▶ **What needs to be done**:
The result should be a verbatim copy of the whole listing.

[Start of section]

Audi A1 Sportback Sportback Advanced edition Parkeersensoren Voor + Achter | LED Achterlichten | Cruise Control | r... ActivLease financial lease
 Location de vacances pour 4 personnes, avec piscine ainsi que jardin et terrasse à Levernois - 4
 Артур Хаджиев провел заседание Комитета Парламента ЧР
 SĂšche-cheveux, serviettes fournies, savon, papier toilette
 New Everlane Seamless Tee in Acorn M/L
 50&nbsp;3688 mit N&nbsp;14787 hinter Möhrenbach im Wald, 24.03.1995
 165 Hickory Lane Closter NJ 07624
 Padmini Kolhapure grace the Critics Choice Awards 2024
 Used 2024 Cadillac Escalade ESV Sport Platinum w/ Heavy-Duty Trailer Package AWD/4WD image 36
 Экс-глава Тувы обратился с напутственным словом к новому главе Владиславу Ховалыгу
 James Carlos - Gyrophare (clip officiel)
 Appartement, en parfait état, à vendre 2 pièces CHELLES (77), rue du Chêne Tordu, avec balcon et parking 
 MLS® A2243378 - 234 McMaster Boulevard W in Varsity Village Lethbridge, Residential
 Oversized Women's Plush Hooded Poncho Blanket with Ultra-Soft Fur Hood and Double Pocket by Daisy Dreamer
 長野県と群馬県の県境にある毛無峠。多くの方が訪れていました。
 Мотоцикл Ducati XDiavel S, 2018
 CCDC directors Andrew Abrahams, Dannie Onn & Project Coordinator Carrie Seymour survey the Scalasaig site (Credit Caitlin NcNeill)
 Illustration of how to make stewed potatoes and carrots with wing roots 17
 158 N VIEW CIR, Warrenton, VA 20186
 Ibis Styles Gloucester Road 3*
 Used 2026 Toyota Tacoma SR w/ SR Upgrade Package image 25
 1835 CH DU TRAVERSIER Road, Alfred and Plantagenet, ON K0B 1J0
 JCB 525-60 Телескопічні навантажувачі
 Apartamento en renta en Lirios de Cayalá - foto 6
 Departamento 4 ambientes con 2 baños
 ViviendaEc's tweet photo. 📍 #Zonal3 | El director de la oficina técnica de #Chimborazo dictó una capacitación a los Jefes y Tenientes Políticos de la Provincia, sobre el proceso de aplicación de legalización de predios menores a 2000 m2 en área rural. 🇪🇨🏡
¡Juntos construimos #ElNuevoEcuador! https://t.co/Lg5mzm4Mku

[End of section]

▶ **Task output**:
Audi A1 Sportback Sportback Advanced edition Parkeersensoren Voor + Achter | LED Achterlichten | Cruise Control | r... ActivLease financial lease
 Location de vacances pour 4 personnes, avec piscine ainsi que jardin et terrasse à Levernois - 4
 Артур Хаджиев провел заседание Комитета Парламента ЧР
 SĂšche-cheveux, serviettes fournies, savon, papier toilette
 New Everlane Seamless Tee in Acorn M/L
 50&nbsp;3688 mit N&nbsp;14787 hinter Möhrenbach im Wald, 24.03.1995
 165 Hickory Lane Closter NJ 07624
 Padmini Kolhapure grace the Critics Choice Awards 2024
 Used 2024 Cadillac Escalade ESV Sport Platinum w/ Heavy-Duty Trailer Package AWD/4WD image 36
 Экс-глава Тувы обратился с напутственным словом к новому главе Владиславу Ховалыгу
 James Carlos - Gyrophare (clip officiel)
 Appartement, en parfait état, à vendre 2 pièces CHELLES (77), rue du Chêne Tordu, avec balcon et parking 
 MLS® A2243378 - 234 McMaster Boulevard W in Varsity Village Lethbridge, Residential
 Oversized Women's Plush Hooded Poncho Blanket with Ultra-Soft Fur Hood and Double Pocket by Daisy Dreamer
 長野県と群馬県の県境にある毛無峠。多くの方が訪れていました。
 Мотоцикл Ducati XDiavel S, 2018
 CCDC directors Andrew Abrahams, Dannie Onn & Project Coordinator Carrie Seymour survey the Scalasaig site (Credit Caitlin NcNeill)
 Illustration of how to make stewed potatoes and carrots with wing roots 17
 158 N VIEW CIR, Warrenton, VA 20186
 Ibis Styles Gloucester Road 3*
 Used 2026 Toyota Tacoma SR w/ SR Upgrade Package image 25
 1835 CH DU TRAVERSIER Road, Alfred and Plantagenet, ON K0B 1J0
 JCB 525-60 Телескопічні навантажувачі
 Apartamento en renta en Lirios de Cayalá - foto 6
 Departamento 4 ambientes con 2 baños
 ViviendaEc's tweet photo. 📍 #Zonal3 | El director de la oficina técnica de #Chimborazo dictó una capacitación a los Jefes y Tenientes Políticos de la Provincia, sobre el proceso de aplicación de legalización de predios menores a 2000 m2 en área rural. 🇪🇨🏡
¡Juntos construimos #ElNuevoEcuador! https://t.co/Lg5mzm4Mku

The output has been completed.